To your first point, business is largely a zero sum game at any given time for business owners. I believe the number of entrepreneurs who can be supported by the economic ecosystem is already at its current carrying capacity, so giving more opportunity to the poor will not increase the total sum but rather just change the social background of those who go on to become entrepreneurs. This is not a bad thing, but it still leaves us with the same number of people succeeding and failing as we have now.

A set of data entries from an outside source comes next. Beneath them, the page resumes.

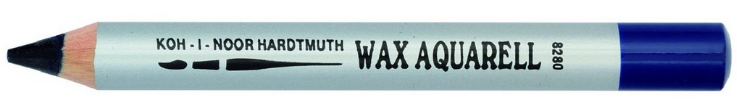 Карандаш акварельный восковой Koh-i-noor 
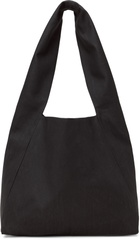 Omar Afridi SSENSE Exclusive Black Factory Tote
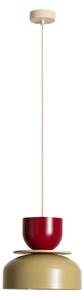 Függőlámpa ALDEX, Uto, dimmable, Többszínű, Étkező, Fém, Modern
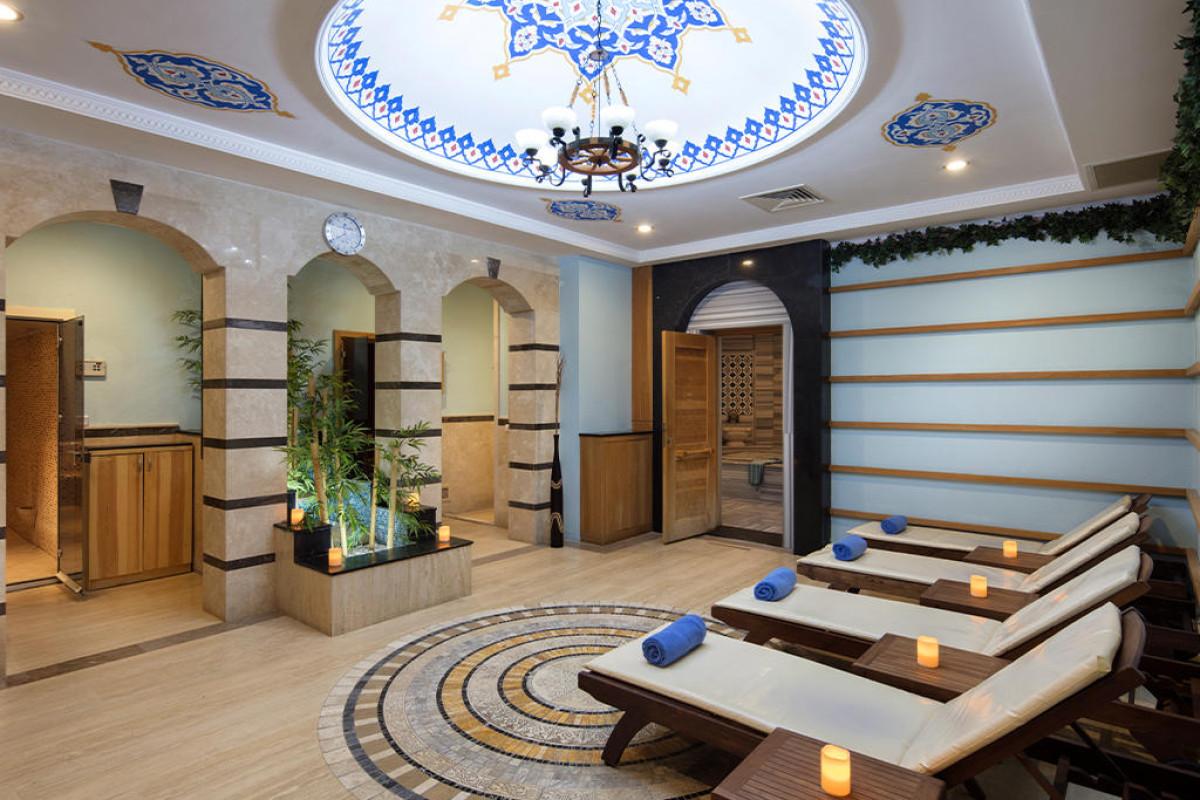 SAPHIR RESORT & SPA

To the anecdotes you mention, there is only a finite amount of basic research which can be done at any given time. A finite number of avenues which can be pursued. At a certain point the work being done by scientists becomes redundant. From this perspective, throwing more researchers at a problem doesn't necessarily increase our productivity. Those whose work is valued enough by someone willing to pay - either Universities or businesses - will be the ones who get to pursue that work. Again, I believe that the active research being done now is sufficiently pursuing those promising lines of research which exist.
To your third point, humanity has advanced very much from our primitive existence in the distant past, in terms of the well being of the masses as well as our collective capabilities.
If you feel the existence of hierarchies is antithetical to progress, I would challenge you to find any complex system in which hierarchy of some sort does not exist. I believe that hierarchy is a fundamental characteristic of productive, complex systems.
To be clear, I don’t think there’s anything wrong with hierarchies. I implied that when I said that ‘cogs’ are necessary. Hierarchies are a good way of organizing work.
But, I do think there is a problem with social and economic systems that encourage animal hierarchies - ones where a person’s birth status directly affects their future social status. That is very inefficient.
>Profoundly gifted people generally do rise to the top as our system is already structured, assuming they want to, given the average amount of support.
Well the public and private school system which the vast majority of youth in the US take part in has mechanisms for identifying the gifted. Those who excel in school generally go on in life to better themselves.
Most people are not profoundly gifted, so the majority simply do as well as their parents, give or take.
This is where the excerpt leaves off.